The file, in response to Trustwave investigations in 2011 of more than three hundred information breaches and the efficiency of greater than 2,000 penetration exams all over the world, additionally came upon that the meals and beverage trade made up almost part (44 percent) of the corporate’s probes all through the period and that a 3rd of them concerned industries with franchise models.

Trustwave researchers also found that the most common password used by global businesses was Password1 because it satisfies the default Microsoft (Nasdaq: MSFT) Active Directory complexity setting.

DDoS Attacks on IPv6
The first attacks on the new Internet numbering system, IPv6, were observed in 2011, noted a report released last week by Arbor Networks. This marks a significant milestone in the arms race between attackers and defenders, the report stated, and confirms that network operators must have sufficient visibility and mitigation capabilities to protect IPv6-enabled properties.

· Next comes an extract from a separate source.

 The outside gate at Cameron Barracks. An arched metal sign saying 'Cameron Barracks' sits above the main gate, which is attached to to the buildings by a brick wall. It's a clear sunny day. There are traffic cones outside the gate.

While this is the first example of pronounced IPv6 DDoS attacks, IPv6 safety incidents stay uncommon uncommon, it brought. this can be a transparent indication that at the same time as IPv6 deployments proceed to develop, IPv6 is not but economically or culturally vital sufficient to warrant critical attention by way of the internet felony underground.

Breach Diary
-> Feb. 6: Anonymous posts to Internet portions of code for Symantec’s (Nasdaq: SYMC) pcAnywhere program after failing to extort US$50,000 from the company for not making the code public.

-> Feb. 8: Cyberanarchists SwaggSec breach servers of Foxconn, which assembles 40 percent of consumer electronics in the world, and posts contact details of a number of the company’s global sales managers, user names and IP addresses, as well as a list of its email users and clients’ purchases.

-> Feb. 8: A hacker who calls himself Neon Seven and claims affiliation with the ZCompany Hacking Crew posted to the Web more than 200 credit card numbers stolen from U.S. and Israeli sources in retaliation of Israel’s treatment of Palestinians.

-> Feb. 8: Website of Nigerian National Assembly breached by @OccupyAllSt and the passwords to the accounts of 19 senators posted to the Internet.

-> Feb. 9: Boston Police division website, offline for six days after breach via nameless, returns to provider. attack used to be inspired through department’s treatment of Occupy Boston motion.

Security Calendar
-> Feb. 23: Eddie Lazarus Reflects on a Dramatic Tenure as FCC Chief of Staff. 10 to 11:30 a.m. at Information Technology and Innovation Foundation, Washington, D.C.